Dubai English Speaking School College (formerly Dubai English Speaking College), is a British private school located in the Academic City, Dubai, UAE. It follows the National Curriculum for England. DESC was founded by the first headteacher, Peter Daly, in 2005 with 35 Year 7 students, and was located at the Oud Metha site of their sister school - the Dubai English Speaking School, which is Dubai's oldest British school. As of December 2016, the college has over 1100 students from Year 7 to Year 13.
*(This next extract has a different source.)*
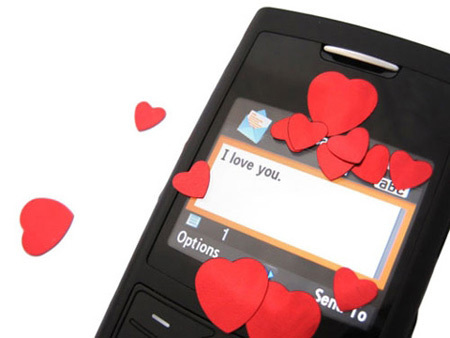 10 lý do quý ông không tin vào tin nhắn 'em yêu anh'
The DESS facilities are located in the Academic City and were officially opened in February 2007 by the Duchess of Cornwall and Princess Haya Bint Al Hussein, Princess of Jordan and Sheikha of Dubai.

== History ==
Dubai English Speaking College was founded in 2005 by the first headteacher, Peter Daly, with just 35 Year 7 students. It takes its name from its sister school, Dubai English Speaking School, which is the oldest British school in Dubai. Originally located at the Oud Metha site of their sister school, DESC relocated to the Academic City in February 2007, where its facilities were officially opened by the Duchess of Cornwall and Princess Haya Bint Al Hussein.

In 2011, Andrew Gibbs was appointed the new headteacher of the school, with the college doubling in size during that time. In 2014 he was appointed the first principal of DESSC (DESS and DESC), with Chris Vizzard (previously the Deputy Headteacher) becoming the new headteacher at DESC.

== Campus ==
The main Dubai English Speaking College is split into nine separate buildings. The campus also contains 4 pitches, 2 swimming pools, and 4 netball courts. The newest addition to DESC is a sixth form centre.
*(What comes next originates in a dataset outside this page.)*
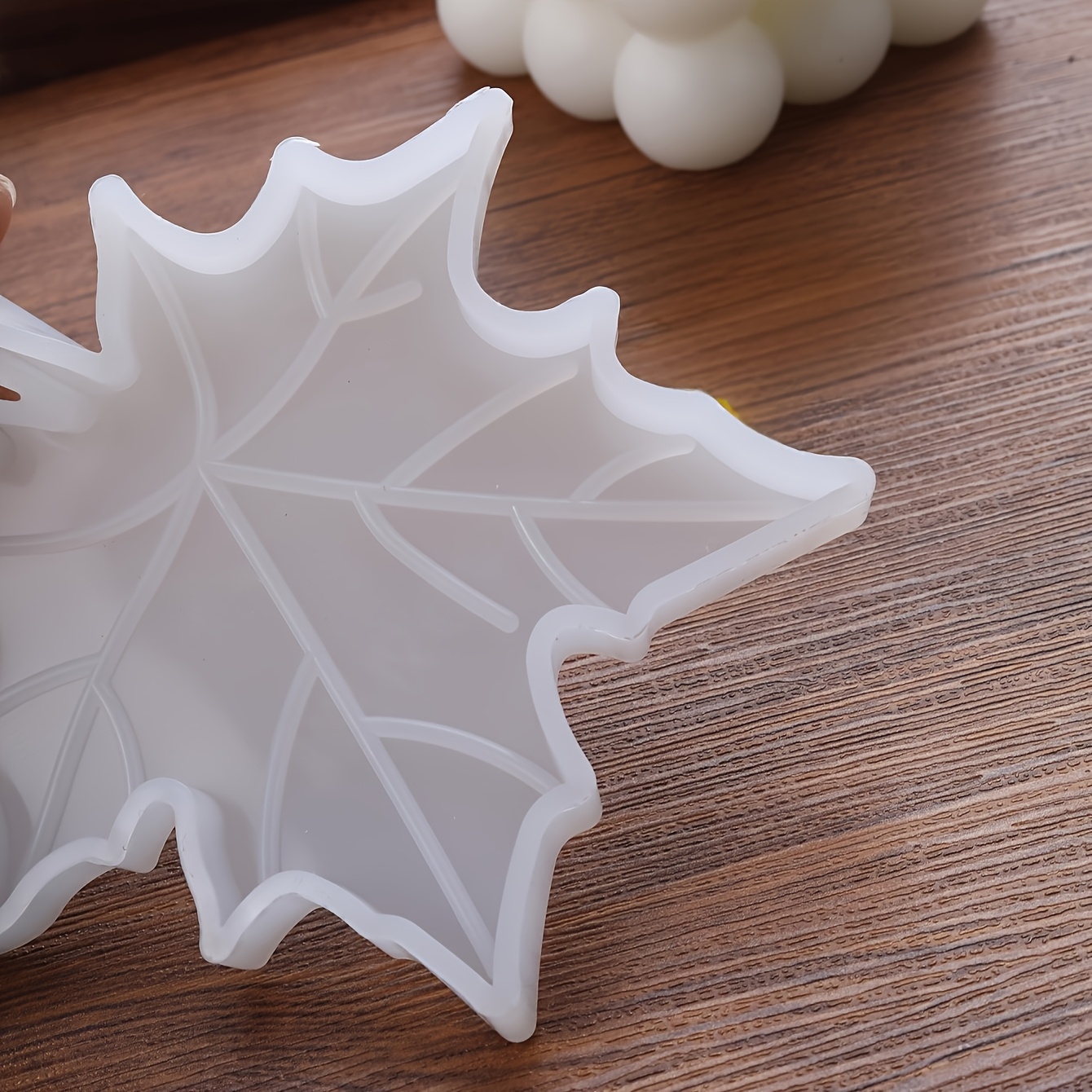 1PC Maple Leaf shaped Silicone - Candle Making Things 评论和价格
Four of the buildings are house buildings - each of the four houses (Desert, Earth, Sky and Coast) is taught in a separate building. The mathematics department is located in the Desert house block, Earth Block contains science labs, art, DT an Food and Nutrition, Sky Block has English inside, and coast has MFL.The other four buildings comprise one for the reception and the arts department, the auditorium, one for the canteen and the admissions office.
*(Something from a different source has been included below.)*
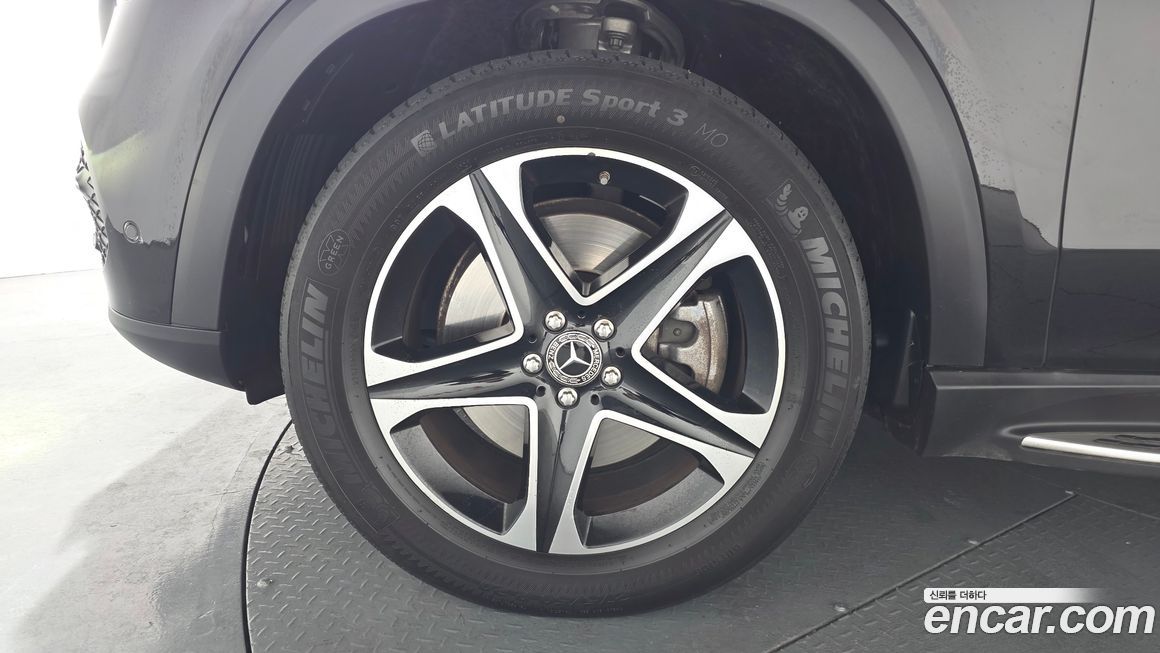 Mercedes-Benz GLE-Class 2022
The sixth form is located on its own campus that offers a range from A-levels to B-tech. The Sixth form center has its own gym, dinner area, zen garden and study areas.

Out of the 4 pitches, 1 is a football pitch, named the "Astro" pitch; the second pitch is designed for Rugby, and the other two are standard grass football pitches.

== Curriculum ==
The school offers secondary school courses for students starting from Year 7 (also known as Grade 6) - Key Stage 3, and leading up to the 2 year GCSE course starting in Year 10 (Key Stage 4). The students then proceed onto the AS and A2 (A Level) qualifications offered for Year 12 and 13 (Key Stage 5), and the school now offer the alternative qualification BTEC.

During KS3, the students study a general set of subjects.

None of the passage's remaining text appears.